Il eut tort d'accepter, — de rechercher, — une fonction sous un gouvernement insurrectionnel, mais il sortit de la Commune les mains pures de sang, de pétrole et d'argent. Il a prononcé devant ses juges un mot qui doit être retenu : L'on a favorisé le départ de Beslay, délégué de la Banque, et de Theisz, délégué à l'administration des postes, parce qu'ils ont sauvé ces deux établissements ; mais tous deux relevaient de la délégation des finances : si la Banque et. les Postes ont été sauvées, croyez bien que je n'y ai pas nui et que je mérite les mêmes immunités que mes deux subordonnés. Sans nous permettre d'incriminer la chose jugée, il nous semble que l'article 258 du code pénal, relatif à l'usurpation de fonctions, suffisait à le punir[1]. Le conseil de guerre n'a point été de cet avis, et Jourde fut condamné à la déportation simple.

Il fut envoyé à la Nouvelle-Calédonie et put utiliser ses aptitudes de comptable à Nouméa. Il eut l'esprit de n'y pas rester longtemps ; aidé par un Allemand auquel il avait inspiré de l'intérêt, il prépara un projet d'évasion hardi qu'il sut mener à bonne fin. Moyennant une somme de dix mille francs payables à Melbourne, un capitaine de vaisseau américain mit le navire qu'il commandait à la disposition de Jourde et de ses amis, qui en profitèrent. Dans la nuit du 20 mars 1874, Jourde, Ballière, Bastien-Granthille, partis en canot de Nouméa, furent rejoints par Henri Rochefort, Olivier Pain et Paschal Grousset, qui venaient de la presqu'île Ducos[2]. Les six évadés purent gagner le navire et ne tardèrent pas à rentrer en Europe. Cela fit du bruit dans le temps et le ministère de la marine n'eut point les rieurs de son côté.

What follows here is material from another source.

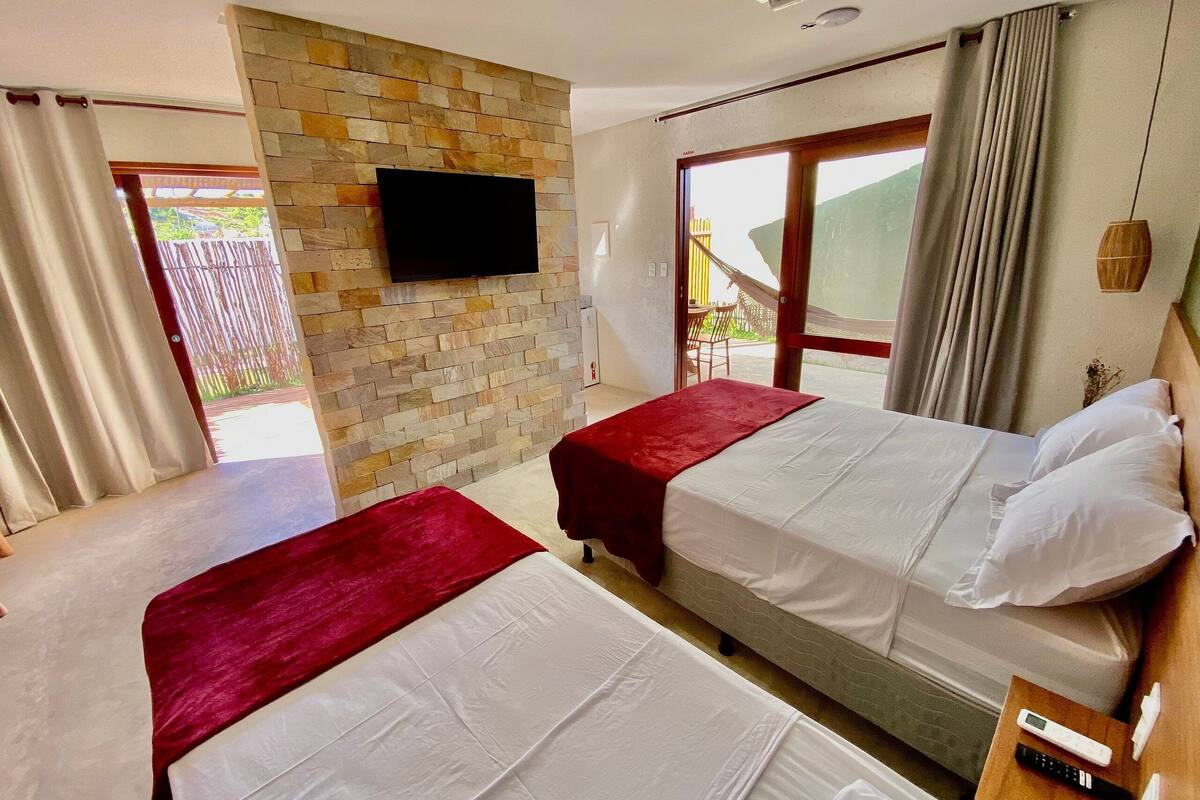Ein Hotelzimmer mit zwei Betten, einer Steinwand, einem Fernseher und einem Balkon mit Blick.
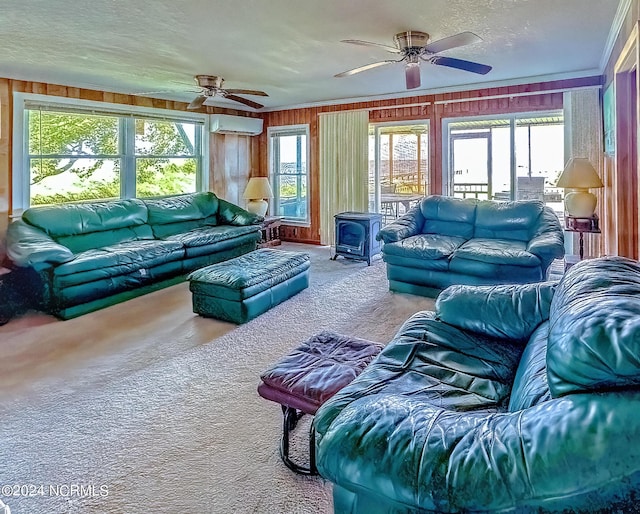 living room with a wood stove, carpet, a textured ceiling, wood walls, and a wall mounted AC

A son arrivée en Suisse, Jourde éprouva une déconvenue. Il pouvait croire qu'en qualité de ministre des finances de la Commune, il avait droit à quelque reconnaissance de la part des insurgés impénitents. Au milieu d'une ville en désarroi et de l'administration la plus incohérente qui fut jamais, n'était-ce pas lui dont les efforts avaient réussi à nourrir une armée sans cohésion, une population sans ressource, un gouvernement où le grotesque se mêlait si bien à l'odieux que l'on ne savait jamais, au début, s'il fallait rire ou pleurer d'avoir à le subir. Certes un tel tour de force méritait quelques égards, car jusqu'à la dernière heure, jusqu'au refuge suprême de la rue Haxo, Jourde avait apporté leur pitance à tous ces gens-là. Il ne se doutait guère, pendant qu'il était en prison ou à Nouméa, de ce que ses anciens complices avaient dit de lui ; il eut le loisir de l'apprendre à Genève.

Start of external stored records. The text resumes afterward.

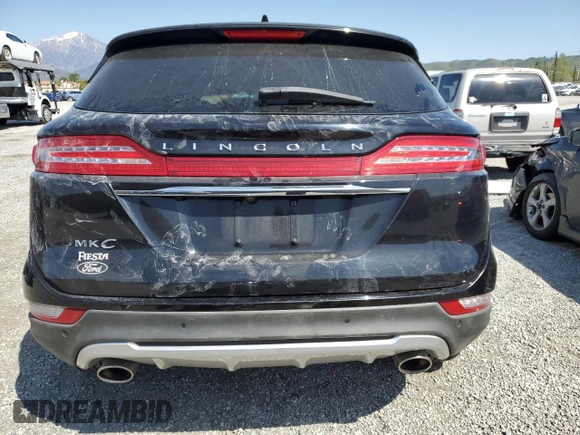 2019 Lincoln MKC Reserve with VIN 5LMCJ3C98KUL22377, listed as a Copart auction lot 52004595 with 60,074 mi miles and Salvage Title. Bid and sale history available at DreamBid. Image 6.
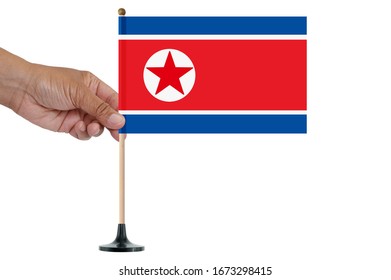 North Korean Flag On Wood Pole White Background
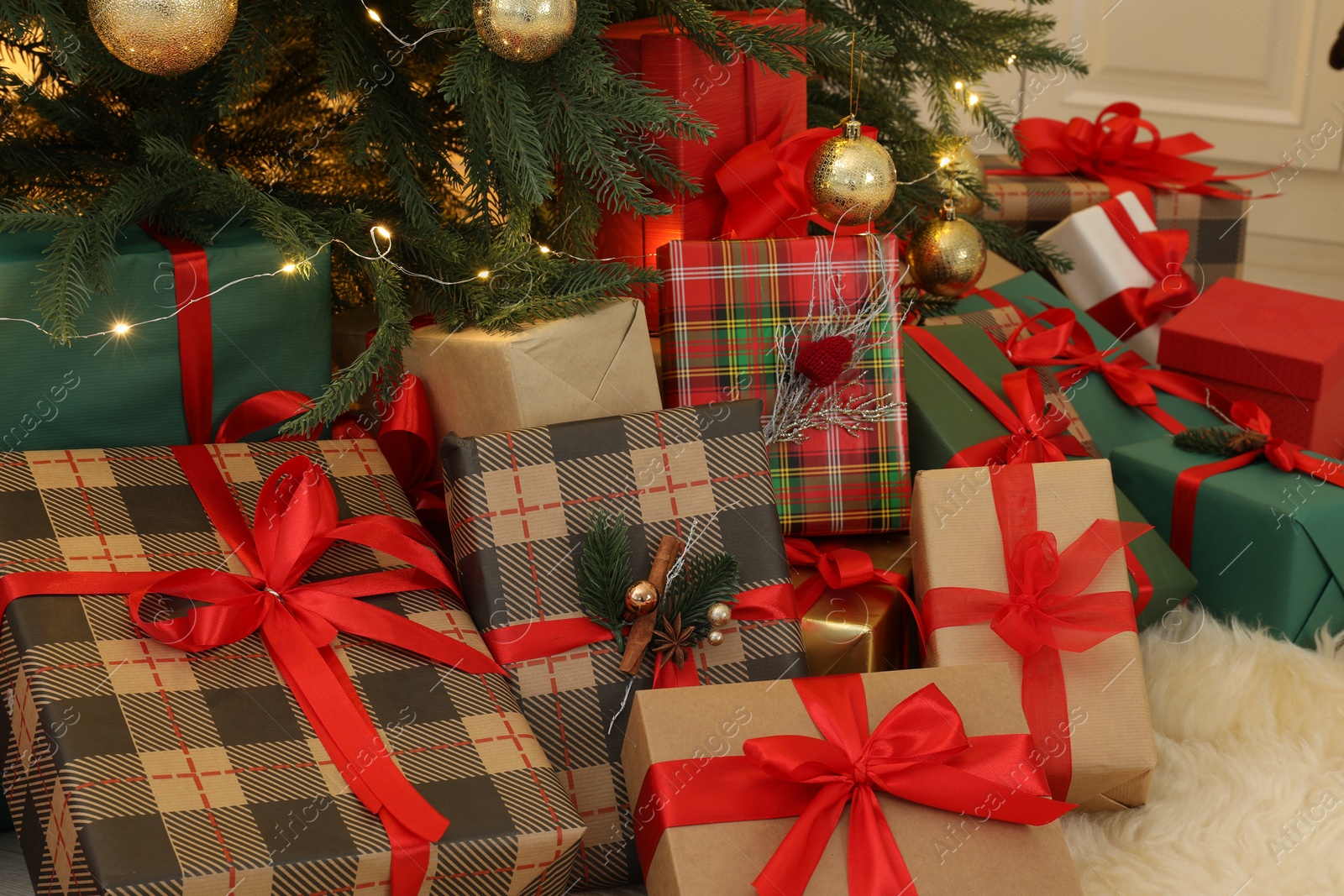 Photo of Many gift boxes under beautiful Christmas tree in room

Vermersch, aussitôt qu'il fut parvenu à Londres, après la chute de la Commune, s'était empressé de publier un de ces journaux que Jean-Jacques Rousseau désignait d'un nom que nous n'osons répéter. Cette feuille, trempée de venin et rédigée par une vipère, s'appelait le Qui vive ? Vermersch, qui, dans son Père Duchêne, avait dénoncé tout le monde, continuait le même métier parmi la bande d'assassins et d'incendiaires réfugiés loin de l'action des lois françaises. Poursuivant de sa haine ceux qui n'avaient pas su tout tuer, tout brûler, tout voler, il disait : Nous ne sommes ici, et six ou sept mille hommes du peuple ne sont à Nouméa et à l'île des Pins, que par la faute de ceux qui sollicitèrent les premiers postés de la cité, sans avoir aucune des qualités nécessaires pour les remplir. Nous payons tous pour leur sottise, et le sang de trente mille fusillés des journées de mai retombera éternellement sur leur tête[3].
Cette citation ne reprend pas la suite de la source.